低く唸り声を上げ、響へ一直線に突っ込んできた。


響は音符を歌う。

「1……5」

風刃が飛ぶ。

だが魔獣は、鋭く体をひねった。

風刃はかすめて通り過ぎる。


「防御!」

ニコルが叫んだ。

響は慌てて音を変える。

しかし緊張のせいで音程がずれた。

空気が乱れただけで、風の盾は生まれない。


ニコルがすぐに魔法を放った。

火球が魔獣の後ろ脚に命中する。

魔獣は空中で何度も回転し、地面に落ちた。

しかし次の瞬間には跳ね起き、森の茂みへと消えてしまった。


響は力が抜け、その場に座り込んだ。

「すみません……逃がしてしまいました」

「気にするな」

ニコルは彼を引き起こす。

「もともと練習用だ」


それから残っている魔獣を指した。

「分かったか?

 あいつらは木じゃない。
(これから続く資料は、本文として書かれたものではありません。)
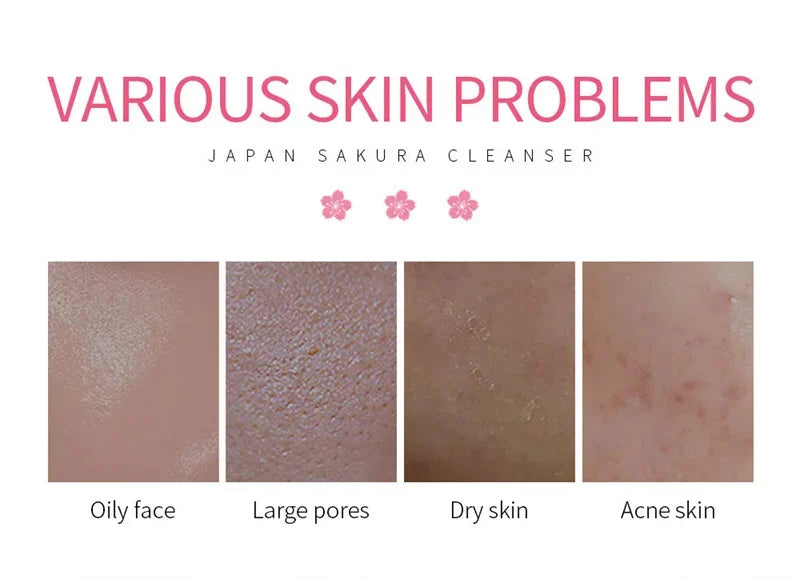 Limpiador Facial para Acné y Control de Aceite - Elimina Puntos Negros, Reduce Poros y Manchas Oscuras con Ácidos Aminados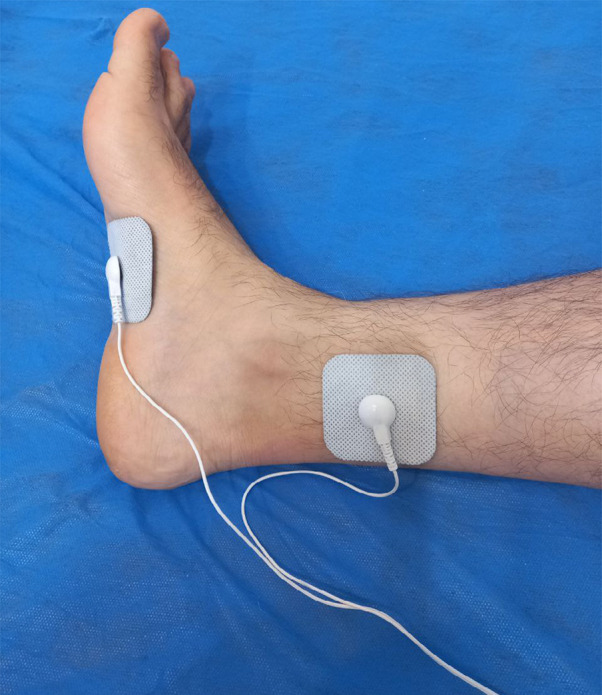 Efficacy of Percutaneous vs Transcutaneous Posterior Tibial Nerve Stimulation in Overactive Bladder Syndrome: A Randomized Clinical Trial.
じっと待ってはくれない」


響はうなずく。

「動きが速すぎます」


「魔力を吸って育つ生き物だからな」

ニコルは言う。

「魔力の流れに敏感だ。

 魔法を感じれば、すぐに方向を読んで避ける」

響は、さっきの鋭い回避を思い出し、背筋が冷えた。


ニコルはもう一匹を放した。

そして前に出る。

「よく見てろ」


魔獣が飛びかかる。

ニコルは体をずらしてかわすと同時に火球を放った。

だが狙いは魔獣ではない。

その次の着地点だった。

火球が命中する。

魔獣の前脚が弾かれ、苦しそうな声を上げて地面を転がる。


「予測だ。

 追いかけて当てるより簡単だ」


魔獣が起き上がり、再び飛びかかる。

ニコルは正面に火球を放つ。

魔獣は左へ避ける。

だが、そこにはすでに二発目の火球が待っていた。

直撃。

魔獣はひっくり返り、しばらく起き上がれない。

「もう一つは連撃だ」

ニコルは言う。

「左右を塞げば、どっちに逃げても当たる」


彼は肩をすくめた。

「それからもう一つ。

 高速魔法だ」

「速すぎて、感じても避けられない」

「今は知っていればいい」


響は深く息を吸い、体勢を整える。

再び練習が始まった。

何度も風刃を放つ。

やがて一匹の魔獣が飛びかかり、空中で体勢を変えられなくなった。

その瞬間。

響が音を出す。

風刃が走る。

「ザッ!」

魔獣の側面を切り裂いた。


魔獣は空中で回転し、草むらに落ちる。

しかしすぐに立ち上がり、森へ逃げていった。


「魔獣には魔力の防護がある」

ニコルが言う。

「威力が足りなければ、致命傷にはならん」


響はその場で荒く息をついた。

体内の魔力がほとんど残っていないのが分かる。


「今日はここまでだ」

ニコルが歩み寄る。

「覚えておけ」

「魔獣を知ることも大事だ。

 だが、それ以上に大事なのは自分を知ることだ」

少し間を置く。

「力を抜いていろ。

 振動が安定していないと魔法は出ない」

「才能があるからといって、基礎を怠るな」


響はふと、昔のことを思い出した。

練習生だった頃。

絶対音感があるせいで、彼自身も教師たちも彼に一番期待していた。

だが、上達の速さだけを比べれば――

一番遅かったのも、彼だった。


才能は、確かに入り口を広げてくれる。

だが結局、どんなことにも近道はない。

それを理解するまで、彼は誰よりも時間がかかったのだ。